REQUIRED WORK ::
Word for word, write out all of the data below.

Items from a data source:
══════

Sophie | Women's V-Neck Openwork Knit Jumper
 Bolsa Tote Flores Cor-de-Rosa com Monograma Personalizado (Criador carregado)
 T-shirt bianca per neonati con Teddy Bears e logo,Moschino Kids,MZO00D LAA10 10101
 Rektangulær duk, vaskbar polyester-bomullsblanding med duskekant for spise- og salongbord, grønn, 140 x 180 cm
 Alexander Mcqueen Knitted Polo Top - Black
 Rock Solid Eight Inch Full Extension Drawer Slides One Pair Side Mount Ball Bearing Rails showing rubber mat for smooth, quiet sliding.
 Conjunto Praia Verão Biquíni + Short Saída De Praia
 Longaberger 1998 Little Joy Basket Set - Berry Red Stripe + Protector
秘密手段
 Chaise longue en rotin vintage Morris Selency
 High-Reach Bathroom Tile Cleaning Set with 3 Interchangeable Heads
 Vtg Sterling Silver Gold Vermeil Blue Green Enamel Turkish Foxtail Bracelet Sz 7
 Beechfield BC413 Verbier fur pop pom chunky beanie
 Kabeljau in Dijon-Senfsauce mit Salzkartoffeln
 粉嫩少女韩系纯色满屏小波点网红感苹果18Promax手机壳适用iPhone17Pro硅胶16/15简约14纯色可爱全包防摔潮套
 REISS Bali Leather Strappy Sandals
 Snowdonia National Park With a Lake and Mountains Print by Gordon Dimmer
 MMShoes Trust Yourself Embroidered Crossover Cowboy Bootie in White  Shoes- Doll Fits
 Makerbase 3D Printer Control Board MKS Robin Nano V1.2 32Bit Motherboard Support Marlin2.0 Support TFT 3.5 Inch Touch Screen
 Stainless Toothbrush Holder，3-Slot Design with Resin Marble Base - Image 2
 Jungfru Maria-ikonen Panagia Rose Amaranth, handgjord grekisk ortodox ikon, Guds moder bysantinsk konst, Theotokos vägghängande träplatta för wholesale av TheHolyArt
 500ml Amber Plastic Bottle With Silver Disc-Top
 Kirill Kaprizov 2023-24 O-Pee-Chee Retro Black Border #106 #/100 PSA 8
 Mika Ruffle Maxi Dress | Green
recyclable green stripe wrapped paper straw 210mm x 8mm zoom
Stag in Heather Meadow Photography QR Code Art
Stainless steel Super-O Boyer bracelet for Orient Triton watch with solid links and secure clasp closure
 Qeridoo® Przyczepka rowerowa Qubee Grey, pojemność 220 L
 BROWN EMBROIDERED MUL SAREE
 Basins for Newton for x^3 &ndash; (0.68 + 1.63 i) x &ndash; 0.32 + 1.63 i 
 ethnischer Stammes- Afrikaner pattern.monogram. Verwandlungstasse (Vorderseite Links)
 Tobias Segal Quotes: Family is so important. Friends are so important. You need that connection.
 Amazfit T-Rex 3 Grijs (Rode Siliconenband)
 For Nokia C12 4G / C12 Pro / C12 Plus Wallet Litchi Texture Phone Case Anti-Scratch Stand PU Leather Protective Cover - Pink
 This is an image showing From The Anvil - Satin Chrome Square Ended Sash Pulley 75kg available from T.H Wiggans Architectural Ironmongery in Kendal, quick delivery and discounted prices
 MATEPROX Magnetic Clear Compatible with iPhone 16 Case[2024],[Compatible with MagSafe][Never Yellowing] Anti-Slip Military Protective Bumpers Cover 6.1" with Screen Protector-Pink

══════

TASK ANSWER ::
Sophie | Women's V-Neck Openwork Knit Jumper
 Bolsa Tote Flores Cor-de-Rosa com Monograma Personalizado (Criador carregado)
 T-shirt bianca per neonati con Teddy Bears e logo,Moschino Kids,MZO00D LAA10 10101
 Rektangulær duk, vaskbar polyester-bomullsblanding med duskekant for spise- og salongbord, grønn, 140 x 180 cm
 Alexander Mcqueen Knitted Polo Top - Black
 Rock Solid Eight Inch Full Extension Drawer Slides One Pair Side Mount Ball Bearing Rails showing rubber mat for smooth, quiet sliding.
 Conjunto Praia Verão Biquíni + Short Saída De Praia
 Longaberger 1998 Little Joy Basket Set - Berry Red Stripe + Protector
秘密手段
 Chaise longue en rotin vintage Morris Selency
 High-Reach Bathroom Tile Cleaning Set with 3 Interchangeable Heads
 Vtg Sterling Silver Gold Vermeil Blue Green Enamel Turkish Foxtail Bracelet Sz 7
 Beechfield BC413 Verbier fur pop pom chunky beanie
 Kabeljau in Dijon-Senfsauce mit Salzkartoffeln
 粉嫩少女韩系纯色满屏小波点网红感苹果18Promax手机壳适用iPhone17Pro硅胶16/15简约14纯色可爱全包防摔潮套
 REISS Bali Leather Strappy Sandals
 Snowdonia National Park With a Lake and Mountains Print by Gordon Dimmer
 MMShoes Trust Yourself Embroidered Crossover Cowboy Bootie in White  Shoes- Doll Fits
 Makerbase 3D Printer Control Board MKS Robin Nano V1.2 32Bit Motherboard Support Marlin2.0 Support TFT 3.5 Inch Touch Screen
 Stainless Toothbrush Holder，3-Slot Design with Resin Marble Base - Image 2
 Jungfru Maria-ikonen Panagia Rose Amaranth, handgjord grekisk ortodox ikon, Guds moder bysantinsk konst, Theotokos vägghängande träplatta för wholesale av TheHolyArt
 500ml Amber Plastic Bottle With Silver Disc-Top
 Kirill Kaprizov 2023-24 O-Pee-Chee Retro Black Border #106 #/100 PSA 8
 Mika Ruffle Maxi Dress | Green
recyclable green stripe wrapped paper straw 210mm x 8mm zoom
Stag in Heather Meadow Photography QR Code Art
Stainless steel Super-O Boyer bracelet for Orient Triton watch with solid links and secure clasp closure
 Qeridoo® Przyczepka rowerowa Qubee Grey, pojemność 220 L
 BROWN EMBROIDERED MUL SAREE
 Basins for Newton for x^3 &ndash; (0.68 + 1.63 i) x &ndash; 0.32 + 1.63 i 
 ethnischer Stammes- Afrikaner pattern.monogram. Verwandlungstasse (Vorderseite Links)
 Tobias Segal Quotes: Family is so important. Friends are so important. You need that connection.
 Amazfit T-Rex 3 Grijs (Rode Siliconenband)
 For Nokia C12 4G / C12 Pro / C12 Plus Wallet Litchi Texture Phone Case Anti-Scratch Stand PU Leather Protective Cover - Pink
 This is an image showing From The Anvil - Satin Chrome Square Ended Sash Pulley 75kg available from T.H Wiggans Architectural Ironmongery in Kendal, quick delivery and discounted prices
 MATEPROX Magnetic Clear Compatible with iPhone 16 Case[2024],[Compatible with MagSafe][Never Yellowing] Anti-Slip Military Protective Bumpers Cover 6.1" with Screen Protector-Pink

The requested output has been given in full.